=== YOUR OBJECTIVE ===
Set down, word for word, every line of the material below from the one containing "3933 Massey Run" through the one containing "Wall Mural - a", but none of its pictures.

=== EXERCISE DATA ===
=-=-=

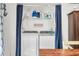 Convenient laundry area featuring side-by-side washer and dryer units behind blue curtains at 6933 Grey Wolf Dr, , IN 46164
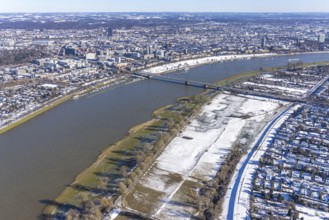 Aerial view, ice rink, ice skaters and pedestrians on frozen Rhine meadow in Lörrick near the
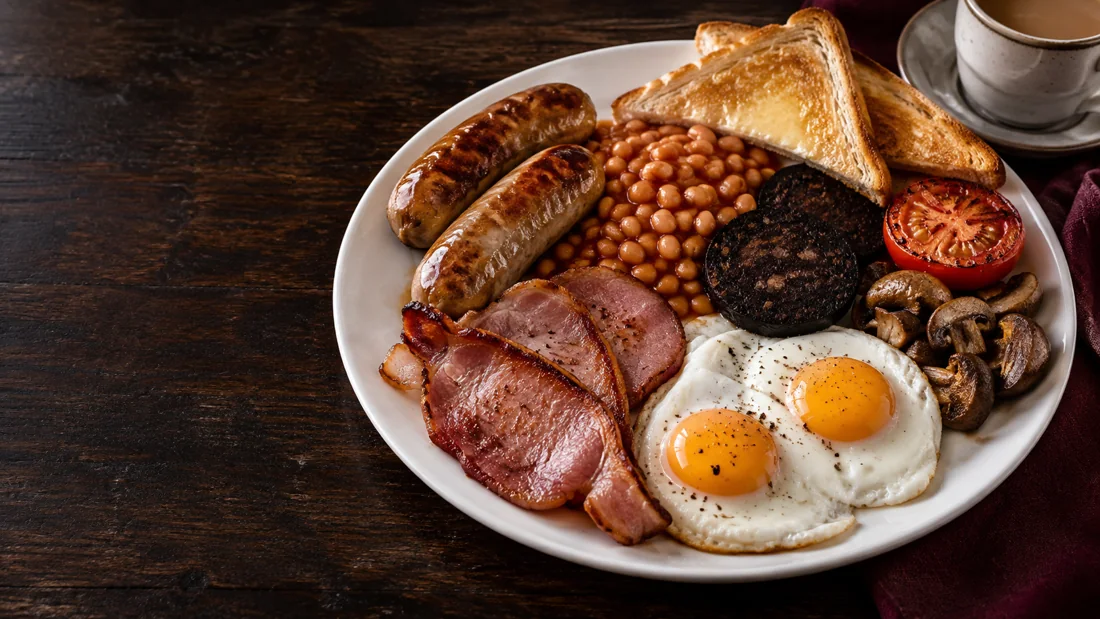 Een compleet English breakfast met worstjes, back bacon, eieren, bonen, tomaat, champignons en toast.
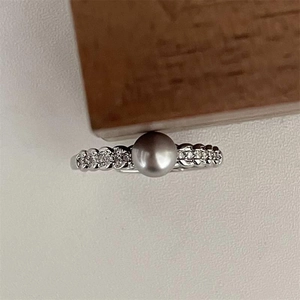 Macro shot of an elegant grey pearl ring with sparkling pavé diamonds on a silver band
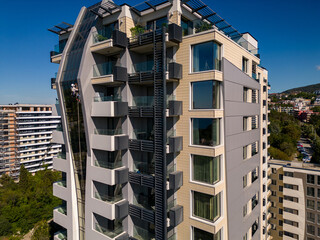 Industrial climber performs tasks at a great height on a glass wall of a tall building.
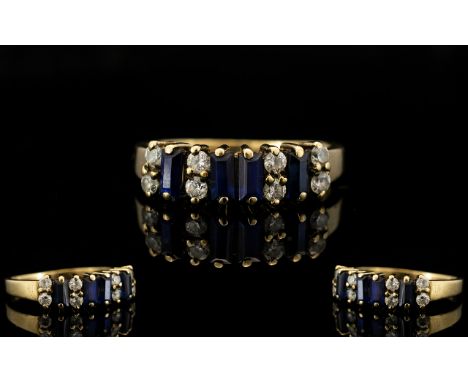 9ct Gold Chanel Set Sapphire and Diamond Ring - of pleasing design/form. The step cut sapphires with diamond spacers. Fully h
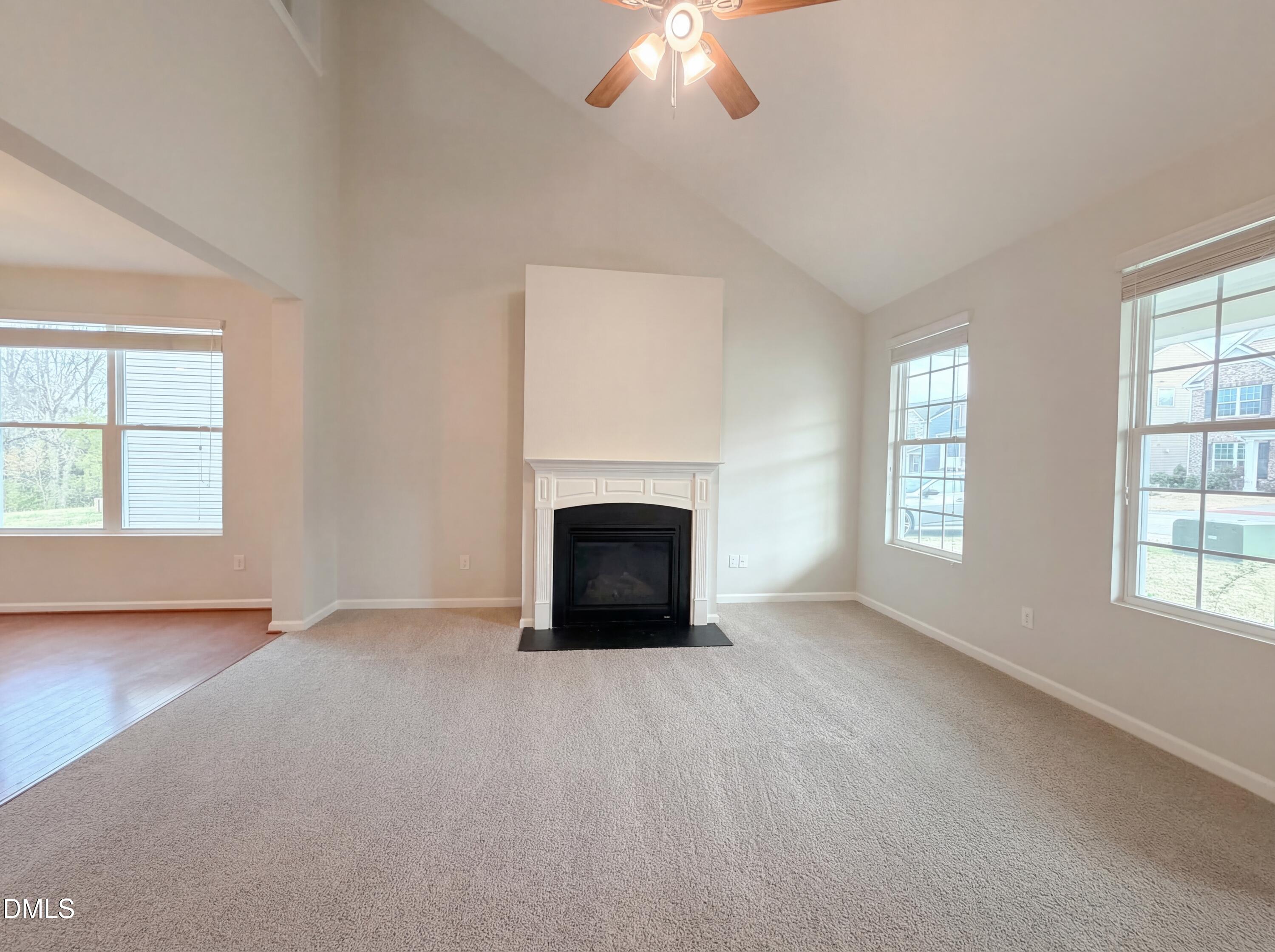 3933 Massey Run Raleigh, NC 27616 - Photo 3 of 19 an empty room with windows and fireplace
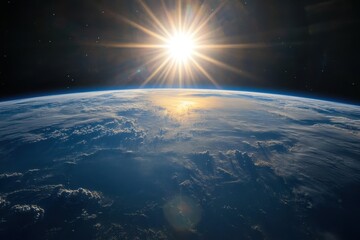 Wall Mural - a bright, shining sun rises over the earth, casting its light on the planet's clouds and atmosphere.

=-=-=

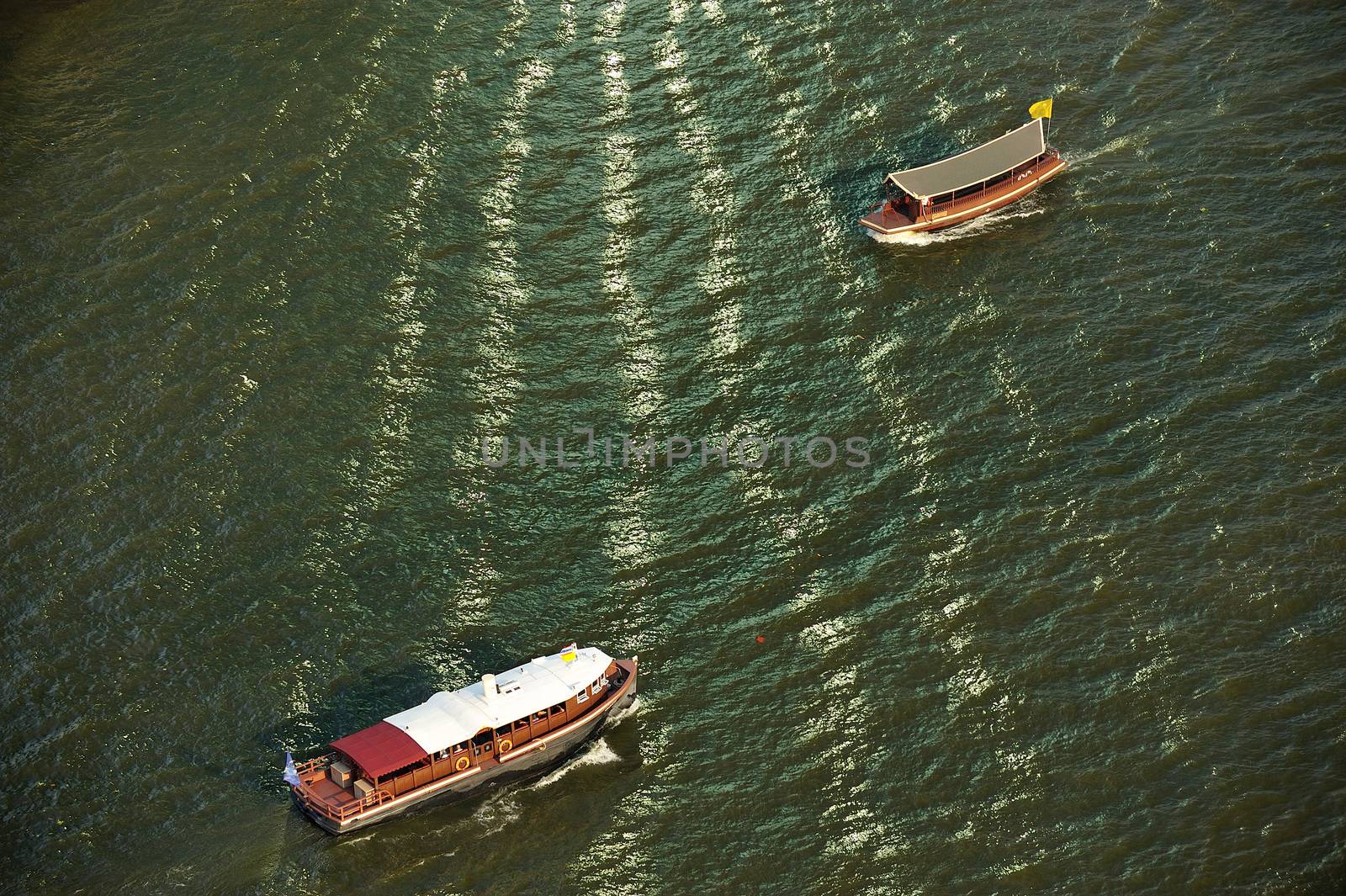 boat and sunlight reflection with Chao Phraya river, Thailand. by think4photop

=-=-=

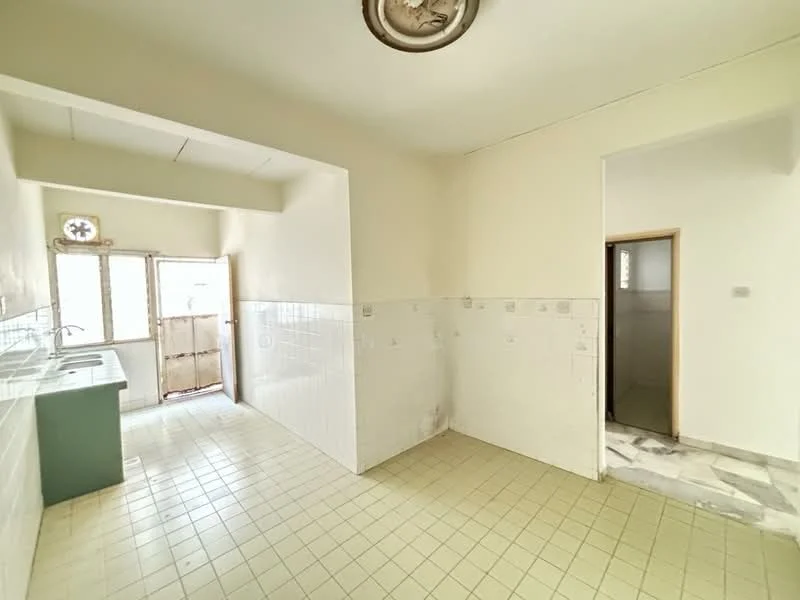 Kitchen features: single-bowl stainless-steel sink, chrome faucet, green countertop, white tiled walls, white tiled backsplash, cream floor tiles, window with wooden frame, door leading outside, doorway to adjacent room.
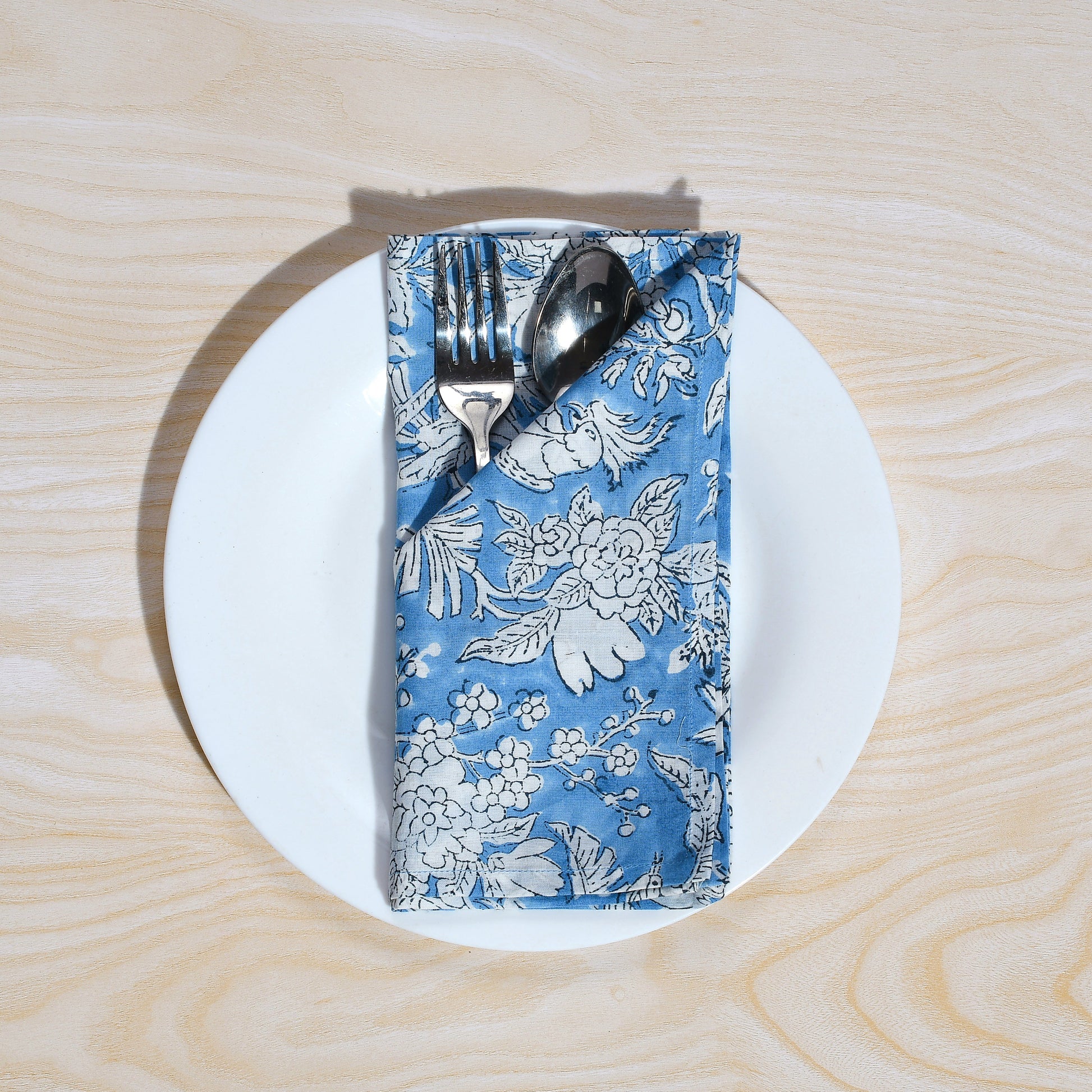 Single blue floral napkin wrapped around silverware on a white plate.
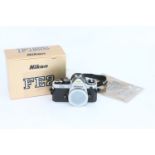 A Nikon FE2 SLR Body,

=-=-=

=== WRITTEN RESPONSE ===
 3933 Massey Run Raleigh, NC 27616 - Photo 3 of 19 an empty room with windows and fireplace
 Wall Mural - a bright, shining sun rises over the earth, casting its light on the planet's clouds and atmosphere.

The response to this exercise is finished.